Długo wyczekiwane przełamanie
Fanatycy z Wrocławia nie mieli w ostatnim czasie wielu powodów do zadowolenia. Choć mają za sobą szaloną przejażdżkę w eliminacjach do Ligi Konferencji, to trudno wymienić chociaż jeden pozytyw związany ze zmaganiami na krajowym podwórku. Od momentu, kiedy przypieczętowali wicemistrzostwo kraju triumfując nad Rakowem w ostatniej kolejce minionych rozgrywek, nie zgarnęli pełnej puli w lidze ani razu. Przegrywali z Motorem czy Cracovią, a remisowali z Koroną, Lechią lub GKS-em Katowice. Trójkolorowi nie radzą sobie najlepiej również poza boiskiem. Cierpliwość wyczerpuje się powoli wobec dyrektora sportowego, Davida Baldy. Trudno się dziwić, bowiem piłkarze sprowadzeni latem na razie radzą sobie dość przeciętnie.
Mecz poprzedzono minutą ciszy poświęconą dla ofiar karambolu pod Gdańskiem. Kilka dni temu życie na drodze straciło czworo dzieci. Wszyscy z nich wracali późnym wieczorem do swoich domów po meczu Lechii Gdańsk z Legią Warszawa. Na trybunach cisza ta przedłużyła się do końca pierwszego kwadransu gry. W tej samej chwili gospodarze wyszli na prowadzenie. Swoją drugą bramkę od momentu zasilenia szeregów Śląska zdobył Sebastian Musiolik. Pod koniec pierwszej części meczu postanowił nawet zwiększyć ten dorobek, jednocześnie umacniając przewagę nad rywalami. Do szatni więc zawodnicy schodzili przy wyniku dwa do zera dla wrocławian.
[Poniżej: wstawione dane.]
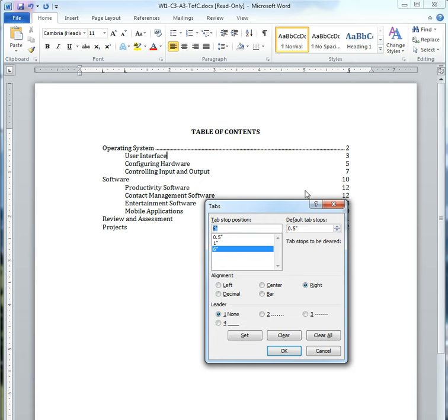And I'm not going to change my alignment because it's the way I want it, but here's the Leader section. So right now, it's set for no leaders. Here's dot leaders, here's a dash leader, and here's an underline leader.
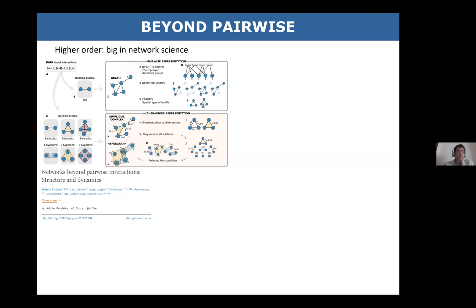There is a recent opus magnum by several excellent young colleagues — a recent review in Physics Reports — and it's an excellent read if you have a few weeks to spare.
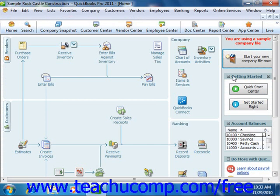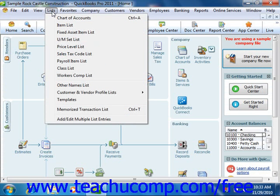You can also use keyboard shortcuts to perform different commands in QuickBooks. The keyboard shortcuts are always listed in the menu bar to the right of the specific command to which they correspond. For example, if you click the Lists command within the menu bar, you can see the keyboard shortcut for the Chart of Accounts command, which is Ctrl+A on your keyboard.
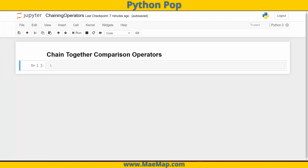Hello everyone, and welcome to Python Pop, a series of quick videos explaining different Python functions and commands. In today's video, we're going to talk about the fact that you can chain together different comparison operators in Python. So let's see exactly what I mean by that.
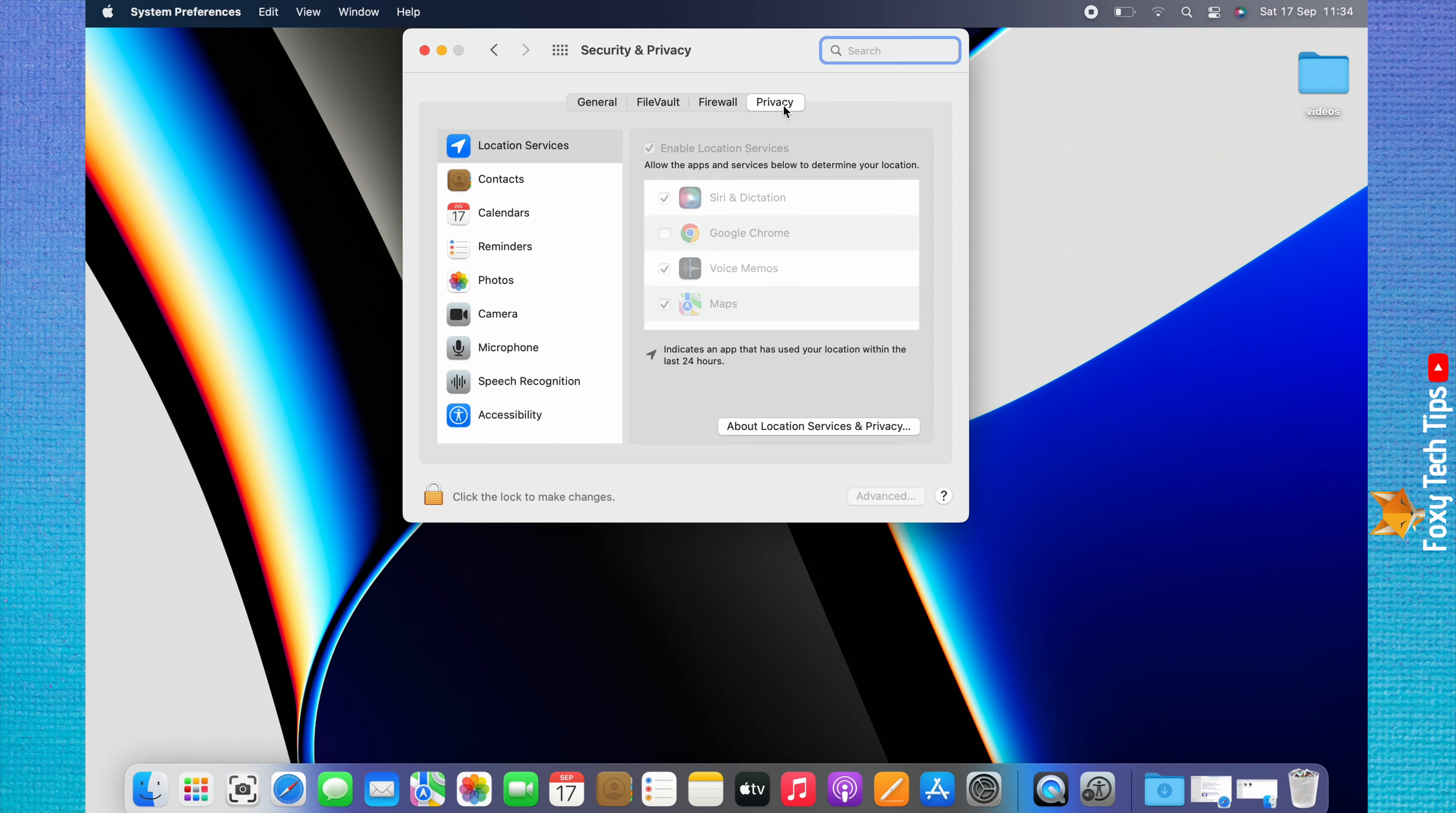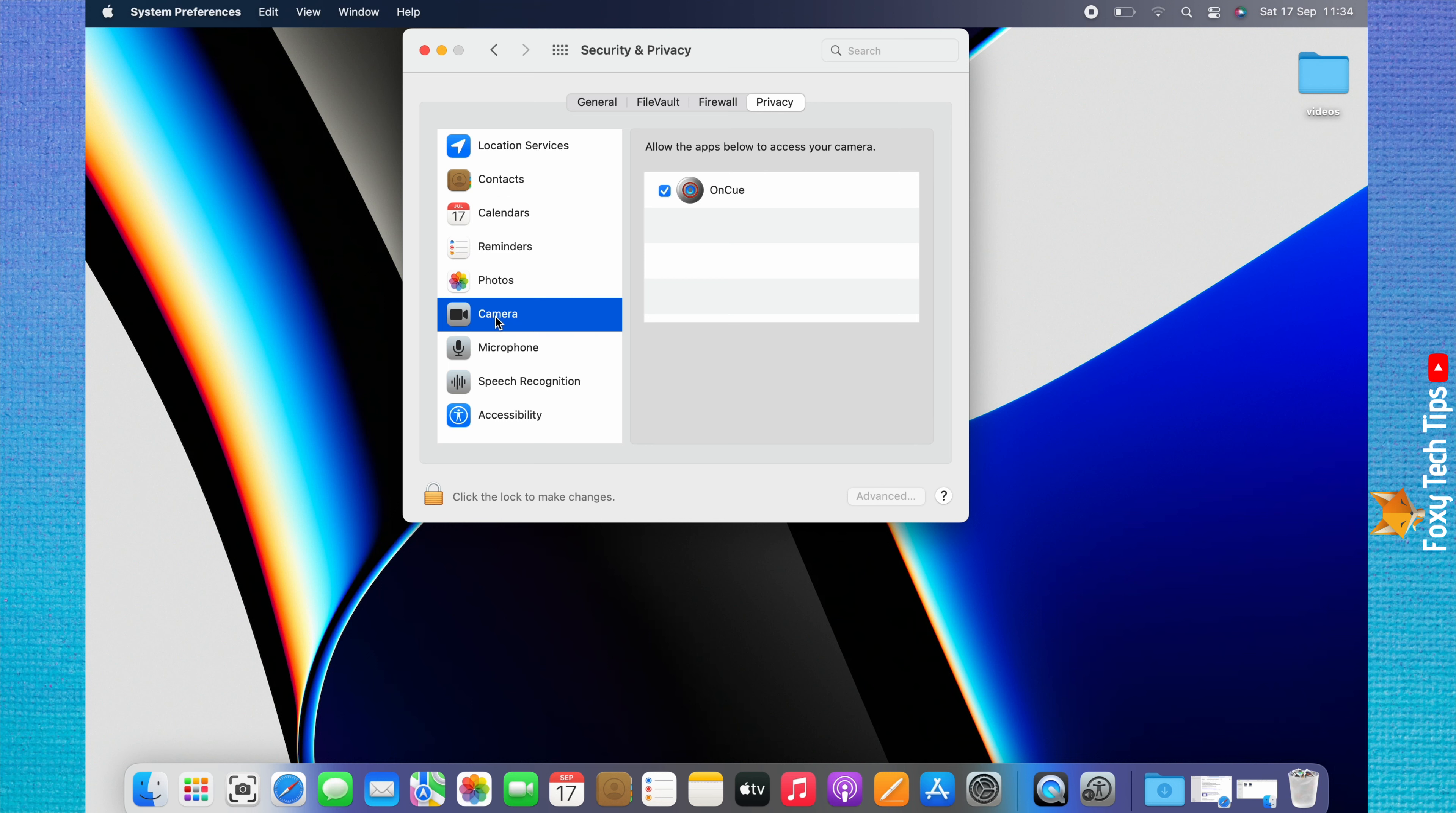Then click Camera from the left sidebar menu. Here you can see a list of the apps that have camera access.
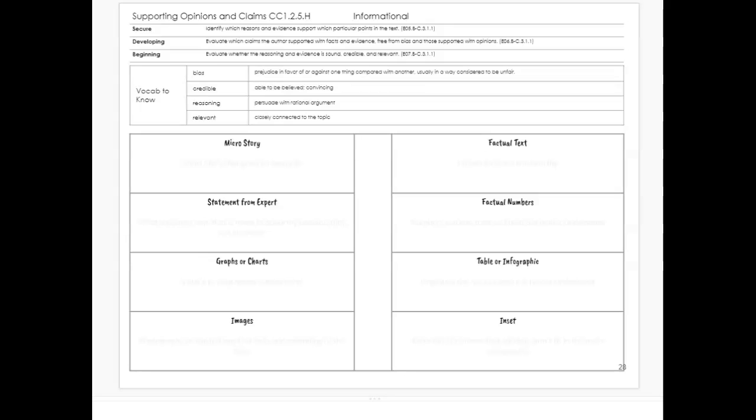We have a number of key words here. Bias: prejudice for or against one thing compared with another, usually in a way that's considered to be unfair. Credible: able to be believed, convincing. Reasoning: to persuade with rational argument. And relevant: closely connected to the topic.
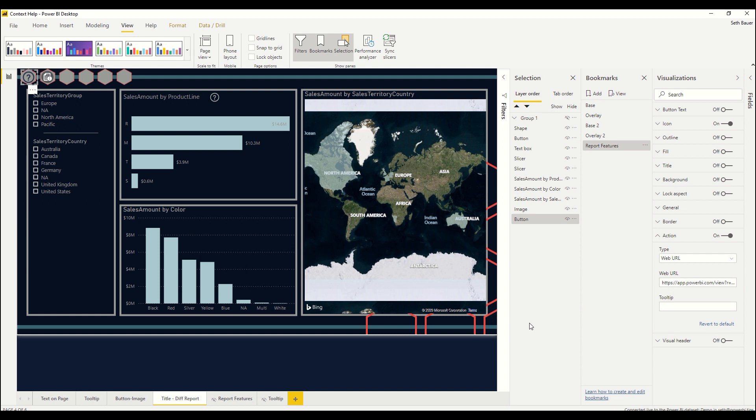I hope this tutorial showed you all the different ways that we can add contextual help to our Power BI reports. Thank you so much for watching and be sure to check out all of our other great content at PowerBI.tips.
https://twitter.com/SlaskWroclawPl/status/1849140889160994868
Jako pierwsi po powrocie na murawę głos zabrali podopieczni Janusza Niedźwiedzia. Groźnie zrobiło się po wrzutce w pole karne, lecz czujny przez cały czas pozostawał Rafał Leszczyński. Wojskowi mimo korzystnego wyniku wciąż mieli ochotę na więcej, ale brakowało im skuteczności. Ciekawie zrobiło się w 69. minucie, kiedy futbolówkę do siatki wpakował Łukasz Wolsztyński. Stal tym samym złapała kontakt, co nieco ją pobudziło i umożliwiło przejęcie inicjatywy. Wrocławianie zostali zmuszeni do zejścia niżej na ostatnie chwile spotkania. Koniec końców Biało-Niebiescy nie doprowadzili do wyrównania, a podopieczni trenera Magiery odetchnęli z ulgą.
„Nikoś Dyzma z Czech”
Na trybunach swoje pięć minut miał podczas meczu wyżej wspomniany David Balda. Trójkolorowi letniego okna transferowego wcale nie przespali, bowiem poczynili kilka ruchów. Problem w tym, że sprowadzili jedynie ligowców lub młodych piłkarzy z zagranicy. Nieudolnie próbują załatać dziurę po odejściu króla strzelców ubiegłorocznych rozgrywek, Erika Exposito. Niestety dla nich jednakże ani Junior Eyamba, ani Sebastian Musiolik czy Jakub Świerczok nie dają na razie tyle pociechy, ile przynosił przedtem hiszpański strzelec. Ponadto sprowadzenie takich piłkarzy, jak: Marcin Cebula, Serafin Szota czy Mateusz Bartolewski to przeciętne transfery dla wicemistrza kraju, który walczył również o grę w pucharach.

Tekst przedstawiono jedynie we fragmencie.